In 2010, Chris Maynard began to show his works, which have been successfully recognized by the art world. The sources for his materials are mostly private aviaries and zoos and he only uses feathers which are legal to have and sell in the United States. Chris Maynard’s favorite tools are tiny eye surgery scissors, forceps and magnifying glasses (some of them inherited from his father and grandfather). His artworks are enclosed in simple wood framed shadowboxes with glass, while his larger artworks with acrylic.
For Chris Maynard, working with feathers means that he can explore the world focusing on just one thing at a time. Each feather reminds him of the big natural world and, at the same time, of the existence of beauty in a smaller scope. When we focus on one single thing, looking at it in different ways and from different angles, entire worlds open before our eyes. Focusing on just one issue makes barriers and limits fall away, and ultimately opens the world to us.

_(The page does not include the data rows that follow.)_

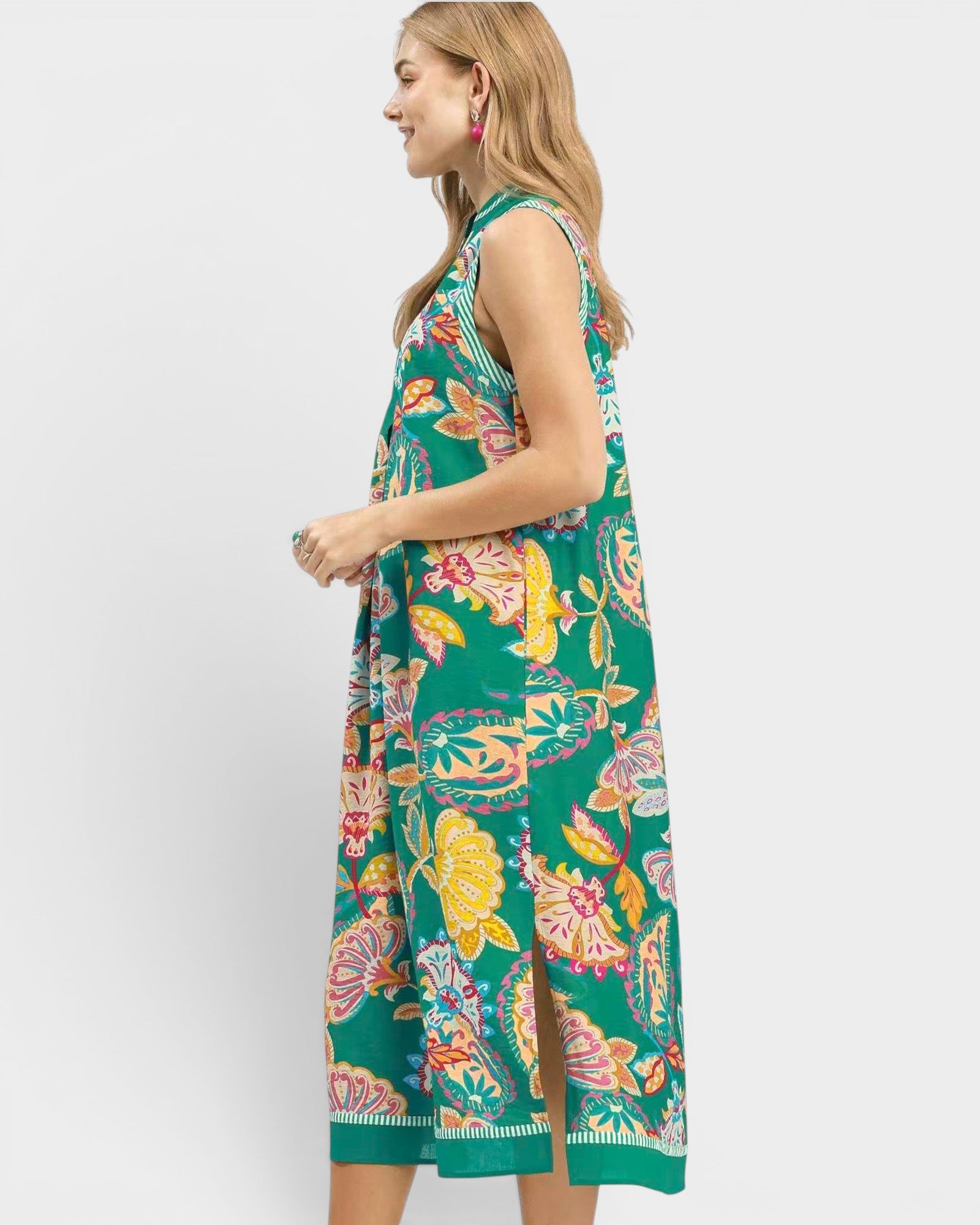 woman wearing green paisley floral midi dress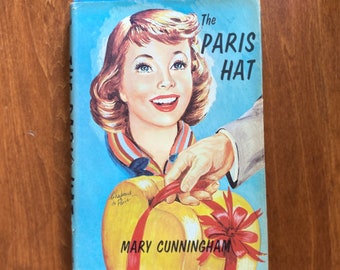 Może przedstawiać: Okładka starej książki z kolorową ilustracją kobiety w kapeluszu. Tytuł książki to "The Paris Hat" autorstwa Mary Cunningham.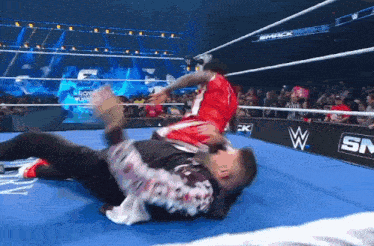 a man in a red shirt is wrestling another man in a blue ring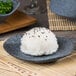 A rectangular blue stoneware plate with rice and black sesame seeds on it.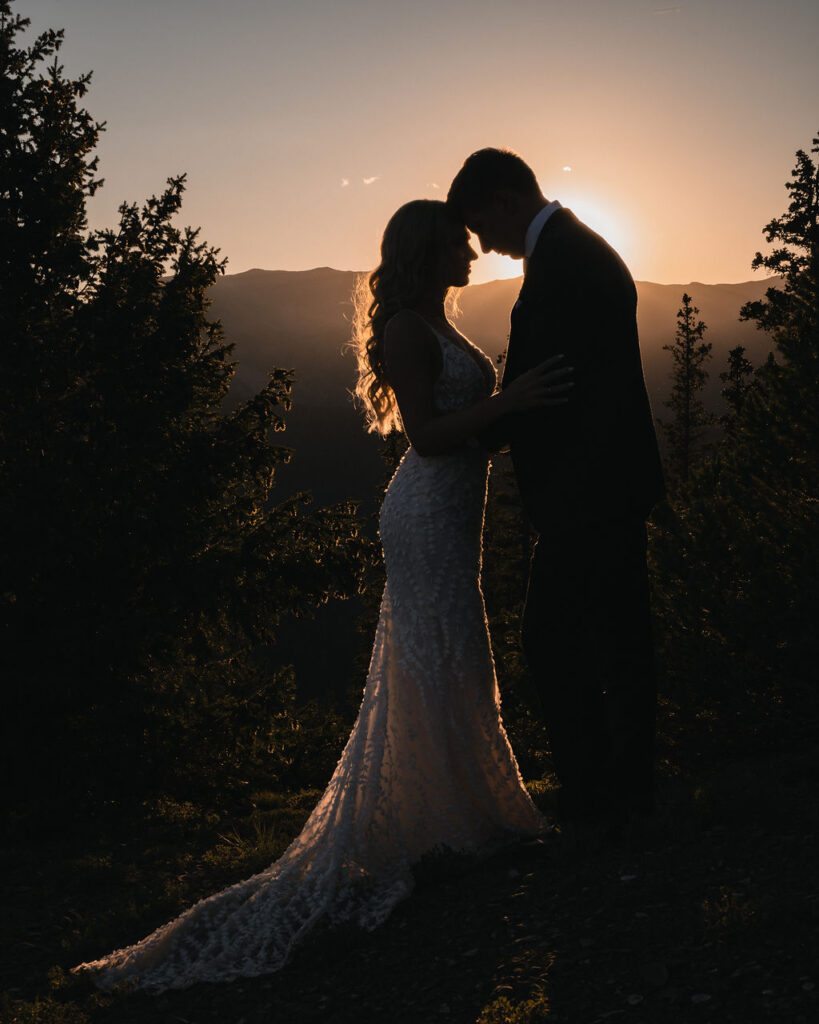 Romantic sunset portrait of couple at Smith Cabin Aspen wedding with alpine glow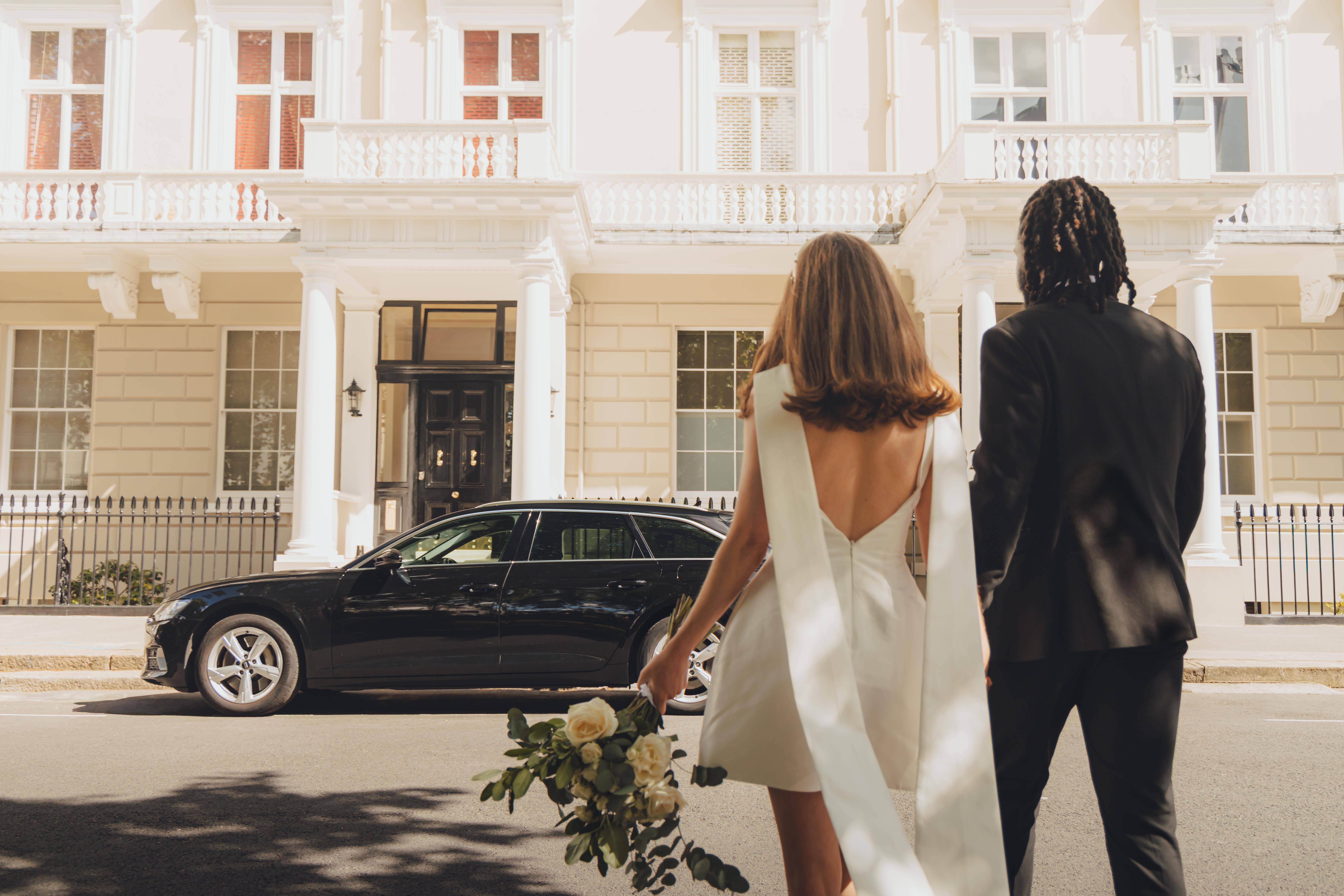 addison lee driver and executive vehicle with bride and groom walking towards car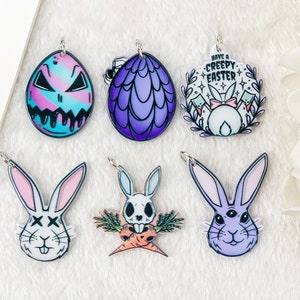 May include: Six colorful Easter-themed charms featuring a purple and blue egg with a dragon design, a purple and blue egg with a skull and crossbones design, a white bunny with a skull and crossbones design, a white bunny with a pink bow and the text "Have a Creepy Easter", a white bunny with X's for eyes, and a purple bunny with three eyes.
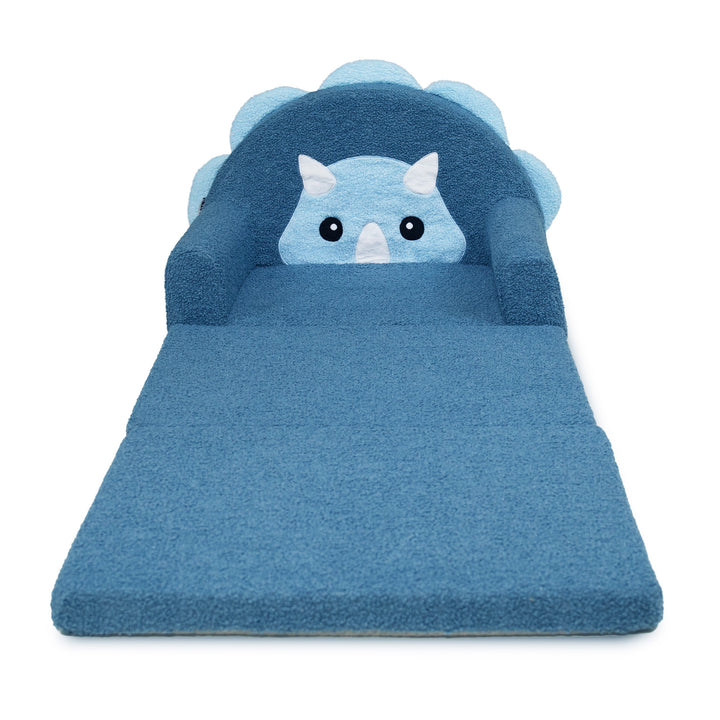 A blue plush pet bed shaped like a dinosaur, featuring a soft blue body, a backrest with cloud-like edges, and a cute light blue dinosaur face with white horns and black eyes. 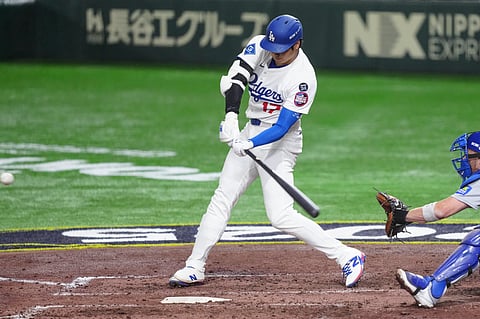 Shohei Ohtani hits a home run in the fifth inning to help the Los Angeles Dodgers complete a two-game sweep of the Chicago Cubs in the MLB season opener.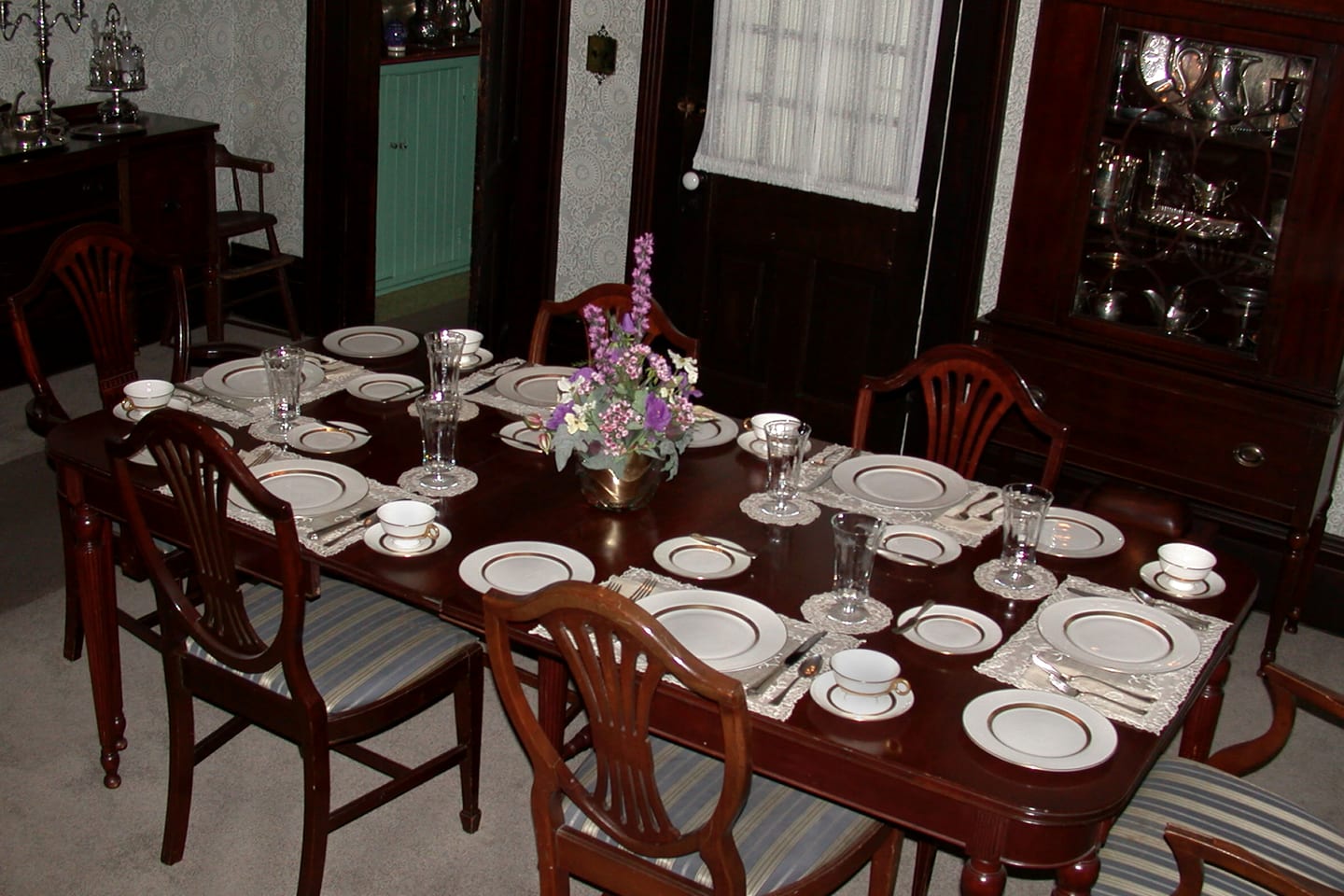 A mahogany dining table laid for eight with white and gold china, cut glass and a small vase of pink flowers.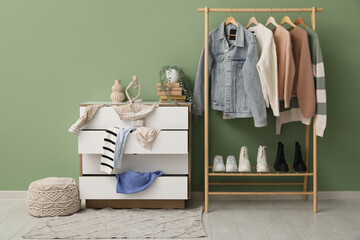 Commode with scattered clothes and rack near green wall in living room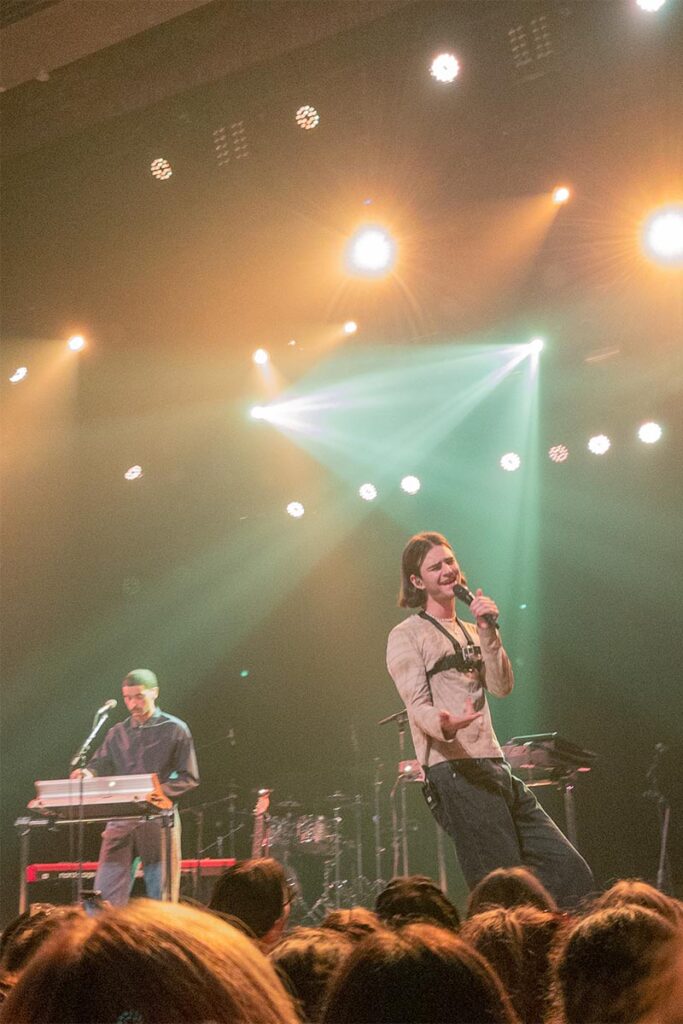 A full-colour image of Ruby Red performing at the Theatre Corona in Montreal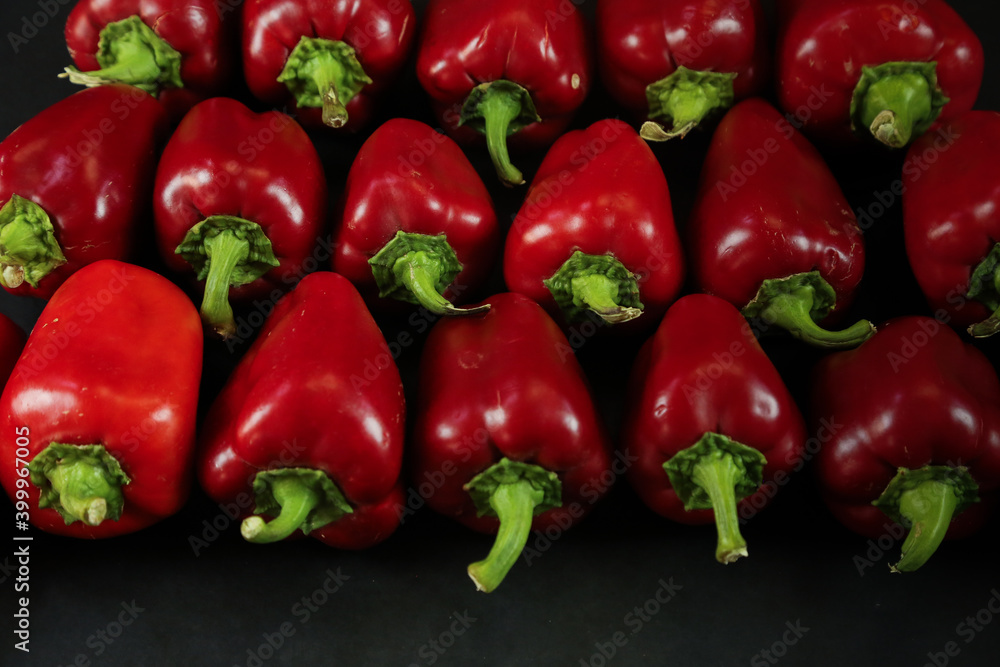 Red peppers on black background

Feathers are usually seen as very delicate items but they are actually quite though. They have to protect a bird from the weather and bumps and scrapes for a year or longer. Maynard honors the feathers and the birds they came from. He wants to communicate to people just in how many new and different ways you can see feathers, and what they can tell us about birds and the natural world. The intricate detail is astounding and mesmerizing. The images of his artworks come to the artist from the feather itself. Every feather has a certain shape and color that the artist wants to exploit. Finding the perfect feather with the right design within can take a long time. Maynard said: “I sometimes blink, finding that I have been holding a feather and staring at it for the last half hour. I might drop the feather to see it swirl, spin, or flutter to the ground.” He sees them as unique with a complicated and beautiful structure; a gift given by nature and discarded by birds. However, getting the feathers can be a challenge. He has to be well versed in law, as some feathers are not legal to own. For example, he can’t use feathers from eagles, seagulls, songbirds or crows because those birds are highly protected by the Migratory Bird Treaty and CITES acts. Besides that, after gaining the experience to work with these special materials, he knows exactly how to cut them. He has to intimately know their structure or they will just fall apart in the process.
The artist cuts away something from their perfection in order to give the feather a new meaning. He places the little cut-out pieces on pins to give them shadows and to bring more depth into his artworks. People always enjoy them because few have ever seen something like this. The artist intention, therefor, is for the audience to take a break from their regular routine and see the world in a different way. He sees feathers as a universal symbol for flying, escaping. A bridge between here and heaven. Nevertheless, everybody can find their own meaning in them. It is indisputable, however, that Chris Maynard reminds us of the wonder of the natural world all around us in a beautiful display.